A recipe is a description of the steps to be applied to a data set in order to prepare it for data analysis.

Usage

recipe(x, ...)

# Default S3 method
recipe(x, ...)

# S3 method for class 'data.frame'
recipe(
  x,
  formula = NULL,
  ...,
  vars = NULL,
  roles = NULL,
  strings_as_factors = NULL
)

# S3 method for class 'formula'
recipe(formula, data, ...)

# S3 method for class 'matrix'
recipe(x, ...)

Arguments

x, data: A data frame, tibble, or sparse matrix from the Matrix package of the template data set. See sparse_data for more information about use of sparse data. (see below).
...: Further arguments passed to or from other methods (not currently used).
formula: A model formula. No in-line functions should be used here (e.g. log(x), x:y, etc.) and minus signs are not allowed. These types of transformations should be enacted using step functions in this package. Dots are allowed as are simple multivariate outcome terms (i.e. no need for cbind(); see Examples). A model formula may not be the best choice for high-dimensional data with many columns, because of problems with memory.
vars: A character string of column names corresponding to variables that will be used in any context (see below)
roles: A character string (the same length of vars) that describes a single role that the variable will take. This value could be anything but common roles are "outcome", "predictor", "case_weight", or "ID".
strings_as_factors: A logical, should character columns be converted to factors? See Details below.

Value

An object of class recipe with sub-objects:

var_info: A tibble containing information about the original data set columns.
term_info: A tibble that contains the current set of terms in the data set. This initially defaults to the same data contained in var_info.
steps: A list of step or check objects that define the sequence of preprocessing operations that will be applied to data. The default value is NULL.
template: A tibble of the data. This is initialized to be the same as the data given in the data argument but can be different after the recipe is trained.

Details

Defining recipes

Creating a recipe comes in two parts:

Specifying which variables are used and what roles they should have.
Specifying what transformations should be applied to which variables.

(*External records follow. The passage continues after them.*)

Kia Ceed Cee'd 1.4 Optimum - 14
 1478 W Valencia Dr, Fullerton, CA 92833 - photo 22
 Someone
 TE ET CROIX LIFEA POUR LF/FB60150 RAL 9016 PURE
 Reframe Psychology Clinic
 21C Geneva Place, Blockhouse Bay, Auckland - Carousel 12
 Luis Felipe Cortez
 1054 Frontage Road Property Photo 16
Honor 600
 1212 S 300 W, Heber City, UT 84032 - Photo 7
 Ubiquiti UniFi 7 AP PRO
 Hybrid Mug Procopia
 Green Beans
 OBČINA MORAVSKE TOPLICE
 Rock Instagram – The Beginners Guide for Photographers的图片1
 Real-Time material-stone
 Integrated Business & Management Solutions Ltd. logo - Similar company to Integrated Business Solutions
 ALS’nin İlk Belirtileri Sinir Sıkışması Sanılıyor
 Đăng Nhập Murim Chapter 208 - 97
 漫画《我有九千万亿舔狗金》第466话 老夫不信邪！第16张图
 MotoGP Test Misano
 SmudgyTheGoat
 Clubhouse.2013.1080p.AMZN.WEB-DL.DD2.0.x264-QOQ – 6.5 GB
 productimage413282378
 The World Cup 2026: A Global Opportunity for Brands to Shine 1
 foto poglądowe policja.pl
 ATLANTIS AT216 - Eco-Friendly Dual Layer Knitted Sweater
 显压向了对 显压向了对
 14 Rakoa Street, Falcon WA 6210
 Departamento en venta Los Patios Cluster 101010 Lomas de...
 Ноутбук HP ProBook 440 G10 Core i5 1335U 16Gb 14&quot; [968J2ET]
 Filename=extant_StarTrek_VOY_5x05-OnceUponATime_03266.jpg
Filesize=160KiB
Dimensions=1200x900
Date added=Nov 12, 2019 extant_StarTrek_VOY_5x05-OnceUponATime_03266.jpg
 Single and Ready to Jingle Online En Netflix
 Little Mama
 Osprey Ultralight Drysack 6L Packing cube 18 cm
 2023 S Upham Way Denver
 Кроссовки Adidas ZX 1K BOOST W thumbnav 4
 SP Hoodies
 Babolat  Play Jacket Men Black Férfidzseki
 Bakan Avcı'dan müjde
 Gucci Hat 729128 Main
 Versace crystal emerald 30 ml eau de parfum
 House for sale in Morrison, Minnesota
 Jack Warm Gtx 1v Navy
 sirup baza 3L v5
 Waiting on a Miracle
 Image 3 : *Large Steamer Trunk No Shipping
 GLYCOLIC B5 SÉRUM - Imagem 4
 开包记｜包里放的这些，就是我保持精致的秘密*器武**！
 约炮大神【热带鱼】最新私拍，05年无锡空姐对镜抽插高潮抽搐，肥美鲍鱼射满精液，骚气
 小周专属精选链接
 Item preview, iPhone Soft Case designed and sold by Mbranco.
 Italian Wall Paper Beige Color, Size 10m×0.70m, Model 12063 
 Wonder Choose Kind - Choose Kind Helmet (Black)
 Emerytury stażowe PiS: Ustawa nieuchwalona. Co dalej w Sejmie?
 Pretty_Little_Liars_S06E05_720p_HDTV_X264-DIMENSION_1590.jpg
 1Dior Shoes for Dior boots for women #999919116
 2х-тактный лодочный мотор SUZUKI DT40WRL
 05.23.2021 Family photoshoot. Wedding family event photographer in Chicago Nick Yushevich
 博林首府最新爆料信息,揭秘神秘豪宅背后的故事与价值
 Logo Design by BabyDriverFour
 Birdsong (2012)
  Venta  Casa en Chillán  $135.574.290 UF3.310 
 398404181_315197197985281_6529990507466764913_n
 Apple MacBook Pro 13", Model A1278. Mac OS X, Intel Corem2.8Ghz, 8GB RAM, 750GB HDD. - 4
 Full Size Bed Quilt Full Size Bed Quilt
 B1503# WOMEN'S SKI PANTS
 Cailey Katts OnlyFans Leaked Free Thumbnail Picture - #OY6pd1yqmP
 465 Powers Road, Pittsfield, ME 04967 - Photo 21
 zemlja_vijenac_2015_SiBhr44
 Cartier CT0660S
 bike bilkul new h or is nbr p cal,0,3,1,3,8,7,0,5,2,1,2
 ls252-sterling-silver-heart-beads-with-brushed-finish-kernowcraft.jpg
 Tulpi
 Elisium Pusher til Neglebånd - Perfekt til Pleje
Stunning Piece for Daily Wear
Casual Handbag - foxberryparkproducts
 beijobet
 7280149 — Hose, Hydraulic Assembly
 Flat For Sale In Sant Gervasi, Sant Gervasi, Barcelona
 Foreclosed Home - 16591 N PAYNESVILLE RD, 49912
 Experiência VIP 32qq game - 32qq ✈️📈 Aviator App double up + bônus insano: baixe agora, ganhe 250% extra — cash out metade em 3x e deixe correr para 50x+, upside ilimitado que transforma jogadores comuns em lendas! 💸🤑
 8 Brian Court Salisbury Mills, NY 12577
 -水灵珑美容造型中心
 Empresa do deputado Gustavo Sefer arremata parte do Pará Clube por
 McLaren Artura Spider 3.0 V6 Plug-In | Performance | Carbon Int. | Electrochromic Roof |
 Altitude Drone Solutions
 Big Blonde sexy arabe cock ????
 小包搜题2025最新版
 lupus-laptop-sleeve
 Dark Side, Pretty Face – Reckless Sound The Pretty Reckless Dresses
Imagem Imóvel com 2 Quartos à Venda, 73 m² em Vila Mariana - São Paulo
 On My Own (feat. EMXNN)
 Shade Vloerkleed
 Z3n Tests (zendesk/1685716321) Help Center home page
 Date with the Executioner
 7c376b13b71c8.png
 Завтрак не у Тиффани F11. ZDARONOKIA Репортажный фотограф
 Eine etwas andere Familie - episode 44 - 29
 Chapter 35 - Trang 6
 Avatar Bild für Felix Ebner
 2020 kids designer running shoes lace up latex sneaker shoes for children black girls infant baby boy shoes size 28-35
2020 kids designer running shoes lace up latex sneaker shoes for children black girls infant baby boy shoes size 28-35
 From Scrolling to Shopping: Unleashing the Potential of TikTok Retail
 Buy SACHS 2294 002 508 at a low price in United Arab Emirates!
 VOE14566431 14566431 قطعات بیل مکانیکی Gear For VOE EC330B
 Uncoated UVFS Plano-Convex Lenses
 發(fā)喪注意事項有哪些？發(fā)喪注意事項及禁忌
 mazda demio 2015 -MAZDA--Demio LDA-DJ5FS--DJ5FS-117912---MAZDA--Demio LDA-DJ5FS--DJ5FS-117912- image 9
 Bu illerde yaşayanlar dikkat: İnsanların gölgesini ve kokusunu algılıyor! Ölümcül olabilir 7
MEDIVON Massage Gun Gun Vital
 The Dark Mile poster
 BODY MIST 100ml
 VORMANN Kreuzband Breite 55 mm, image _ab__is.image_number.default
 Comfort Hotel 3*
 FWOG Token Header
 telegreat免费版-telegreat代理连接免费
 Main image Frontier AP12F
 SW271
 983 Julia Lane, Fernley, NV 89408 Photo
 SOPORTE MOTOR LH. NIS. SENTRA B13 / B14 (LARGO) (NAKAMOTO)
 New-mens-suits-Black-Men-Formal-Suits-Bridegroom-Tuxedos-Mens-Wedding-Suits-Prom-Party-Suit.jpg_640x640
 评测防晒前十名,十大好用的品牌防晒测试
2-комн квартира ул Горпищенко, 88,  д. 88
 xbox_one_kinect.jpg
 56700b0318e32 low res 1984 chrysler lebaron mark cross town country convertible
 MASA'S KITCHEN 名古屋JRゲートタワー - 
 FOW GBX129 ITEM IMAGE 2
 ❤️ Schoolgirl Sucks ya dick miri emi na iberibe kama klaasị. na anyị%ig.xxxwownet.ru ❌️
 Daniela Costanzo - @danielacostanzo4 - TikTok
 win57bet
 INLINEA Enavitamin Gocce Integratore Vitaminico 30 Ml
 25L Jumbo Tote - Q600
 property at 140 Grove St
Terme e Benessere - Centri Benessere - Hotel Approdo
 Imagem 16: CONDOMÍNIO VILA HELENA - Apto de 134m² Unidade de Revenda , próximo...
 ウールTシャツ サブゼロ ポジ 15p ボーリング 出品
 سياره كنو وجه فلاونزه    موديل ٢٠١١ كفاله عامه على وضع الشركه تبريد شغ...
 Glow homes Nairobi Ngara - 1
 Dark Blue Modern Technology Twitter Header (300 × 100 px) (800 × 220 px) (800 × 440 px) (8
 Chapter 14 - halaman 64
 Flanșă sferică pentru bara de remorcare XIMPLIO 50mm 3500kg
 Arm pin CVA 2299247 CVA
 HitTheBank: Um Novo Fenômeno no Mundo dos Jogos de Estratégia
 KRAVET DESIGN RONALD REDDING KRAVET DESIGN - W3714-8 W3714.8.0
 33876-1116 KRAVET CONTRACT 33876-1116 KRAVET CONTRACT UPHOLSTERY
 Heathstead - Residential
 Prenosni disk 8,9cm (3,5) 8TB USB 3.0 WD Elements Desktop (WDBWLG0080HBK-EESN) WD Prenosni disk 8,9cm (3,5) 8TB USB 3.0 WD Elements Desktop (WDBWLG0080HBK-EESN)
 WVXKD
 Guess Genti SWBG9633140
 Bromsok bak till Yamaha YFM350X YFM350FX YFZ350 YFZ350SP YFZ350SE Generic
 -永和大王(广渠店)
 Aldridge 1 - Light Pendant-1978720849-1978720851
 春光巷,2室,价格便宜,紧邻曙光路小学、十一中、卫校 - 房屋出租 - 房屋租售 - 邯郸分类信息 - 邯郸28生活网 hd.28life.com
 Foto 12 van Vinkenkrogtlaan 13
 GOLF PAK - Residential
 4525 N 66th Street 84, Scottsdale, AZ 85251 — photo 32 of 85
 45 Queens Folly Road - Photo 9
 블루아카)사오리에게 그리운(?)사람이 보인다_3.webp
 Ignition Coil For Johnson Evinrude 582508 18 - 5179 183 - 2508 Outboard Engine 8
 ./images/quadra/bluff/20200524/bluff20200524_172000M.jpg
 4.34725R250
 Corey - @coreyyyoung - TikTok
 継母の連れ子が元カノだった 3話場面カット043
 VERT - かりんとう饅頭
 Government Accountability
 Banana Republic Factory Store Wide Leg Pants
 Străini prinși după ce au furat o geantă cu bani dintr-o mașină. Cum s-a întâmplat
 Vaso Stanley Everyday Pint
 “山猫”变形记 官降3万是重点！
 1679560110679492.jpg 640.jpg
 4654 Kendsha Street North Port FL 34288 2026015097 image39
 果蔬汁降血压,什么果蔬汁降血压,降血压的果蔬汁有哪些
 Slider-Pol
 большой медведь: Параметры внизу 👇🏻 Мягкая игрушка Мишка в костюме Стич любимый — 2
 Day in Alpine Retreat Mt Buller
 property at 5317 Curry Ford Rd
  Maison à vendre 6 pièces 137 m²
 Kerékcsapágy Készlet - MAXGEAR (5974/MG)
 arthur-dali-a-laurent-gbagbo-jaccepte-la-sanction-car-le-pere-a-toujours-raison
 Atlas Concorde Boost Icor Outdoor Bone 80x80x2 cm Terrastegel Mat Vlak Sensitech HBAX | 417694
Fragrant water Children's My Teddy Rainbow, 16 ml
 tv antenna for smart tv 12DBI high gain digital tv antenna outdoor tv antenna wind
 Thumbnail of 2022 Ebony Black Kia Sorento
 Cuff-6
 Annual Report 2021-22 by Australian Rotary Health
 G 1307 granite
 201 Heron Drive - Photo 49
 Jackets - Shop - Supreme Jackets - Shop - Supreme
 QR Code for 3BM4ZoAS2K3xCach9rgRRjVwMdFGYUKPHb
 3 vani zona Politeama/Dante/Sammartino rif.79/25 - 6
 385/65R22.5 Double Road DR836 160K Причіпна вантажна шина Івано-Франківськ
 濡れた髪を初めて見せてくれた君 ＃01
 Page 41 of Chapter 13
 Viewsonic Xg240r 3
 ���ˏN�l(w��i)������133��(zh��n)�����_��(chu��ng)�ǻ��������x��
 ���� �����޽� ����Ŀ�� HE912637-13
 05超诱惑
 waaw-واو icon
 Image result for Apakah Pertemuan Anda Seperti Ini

The first part is done with recipe() and optionally update_role(), add_role(), and remove_role(). A recipe object can be created in several ways. If an analysis only contains outcomes and predictors, the simplest way to create one is to use a formula (e.g. y ~ x1 + x2) that does not contain inline functions such as log(x3).

recipe(data, formula)
recipe(formula, data)

Variables in recipes can have any type of role, including outcome, predictor, observation ID, case weights, stratification variables, etc. You can instead use the vars and roles argument to specify the variables and roles. vars must be a character vector of names and roles must the the corresponding roles.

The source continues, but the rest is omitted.